I've been a puppeteer and a puppet maker for about 5-6 years. I've had a channel on YouTube where I and my partner Peter created and performed with puppets in short skits, www.youtube.com/xingcat.
When I first saw "Hand to God" on Broadway, I knew it was a play I wanted to direct at some point. There's a tradition of puppets being used in Southern Christian churches (any puppeteer who has any sort of online presence is used to getting requests to build puppets for church performances), and using that tradition to tell a story about the challenges that faith can be presented with when handling deeply human problems worked for me.
Puppets are usually seen as for kids, so to re-contextualize them as showing the basest instincts of the characters' minds was a great twist on the idea of using puppets in theater.
To me, "Hand to God" isn't a play about God, or about puppets, or sex or violence. It's about how limited we are, as human beings, in understanding how to love ourselves and one another in our entirety.
We often think about the good and bad in all of us, but we think that the "bad" things, like jealousy or lust or anger or sadness, need to be removed from us in order to connect, be love, or be good people. Putting all of those base instincts into a representation of ourselves (like the ancient folklore of Golem) allows us to see what we value, and what we're trying to hide, and how limited the church or our relationships or parenting skills can be when we're talking about embracing ourselves as whole, complicated people.

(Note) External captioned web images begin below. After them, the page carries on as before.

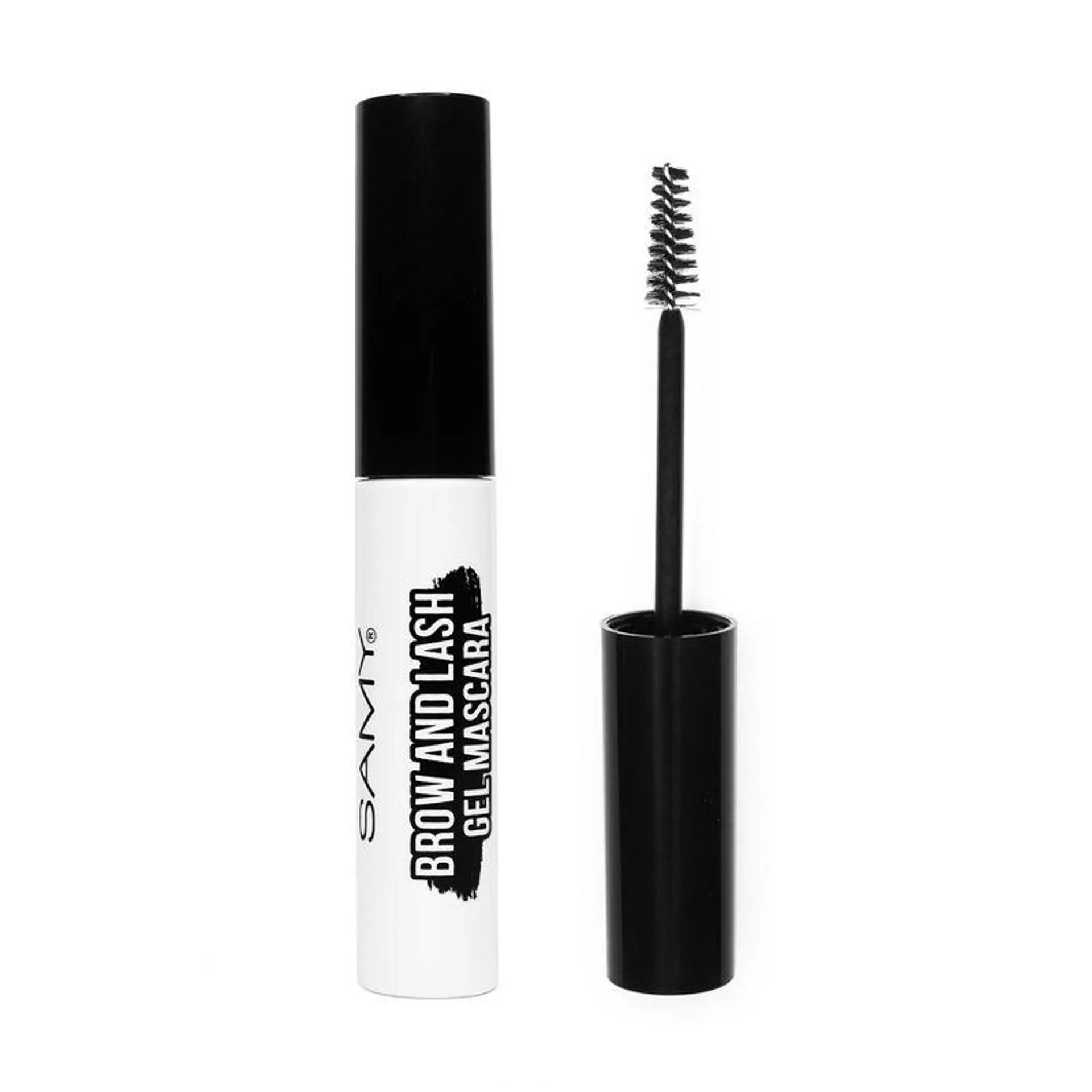 Gel Mascara Samy Cejas Pestana Samy X9g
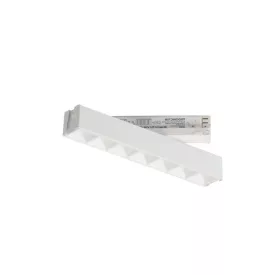 KANLUX HIERRO LED TEAR HR-SH-NW-W-RM lámpa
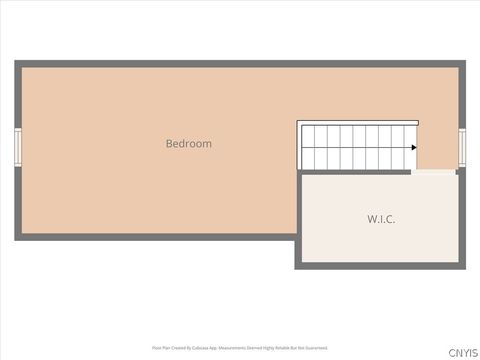 Tiny photo for 107 Cook Drive, Van Buren, NY 13027 (MLS # S1689832)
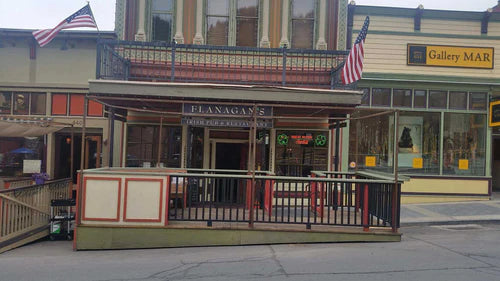Flanagan's Park City 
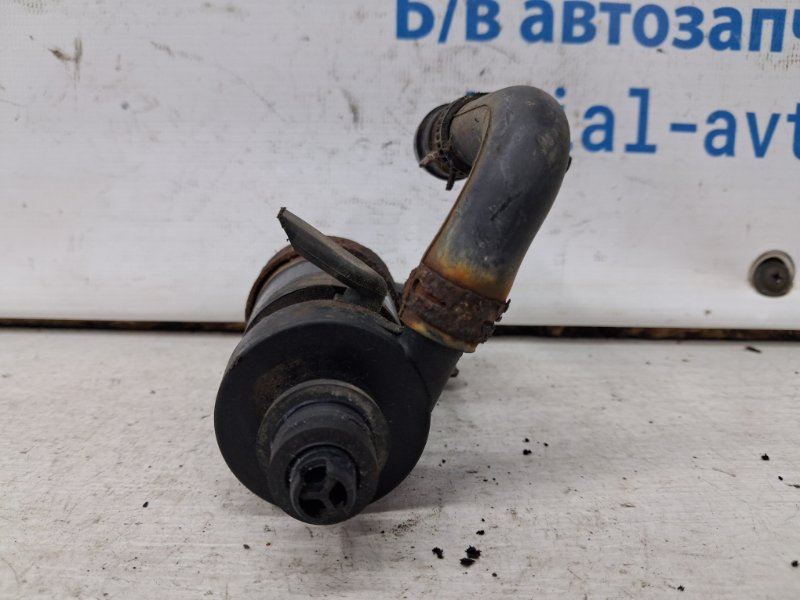 Насос омывателя фар Mazda 6 GH 2.5 бензин L5-VE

If you ask someone who has heard about Hand to God and ask them to describe it, you'll most likely get some variation on, "It's an adult puppet show," or, "It's a vulgar comedy about religion," or something about sex and violence. While all of those things are absolutely true (as well as being hilarious and well-written), to me, "Hand to God" is about so much more.
I'm thrilled that Arlington Friends of the Drama has taken on this play. Community theater often has to balance the new and controversial with the expectations of our audience and the bottom-line, and "Hand to God" can be a polarizing piece. I'll be forever grateful to have the opportunity to direct this script in this space.
With a hopeful message underneath it all, the play was truly a challenge for me as a director and as a puppeteer.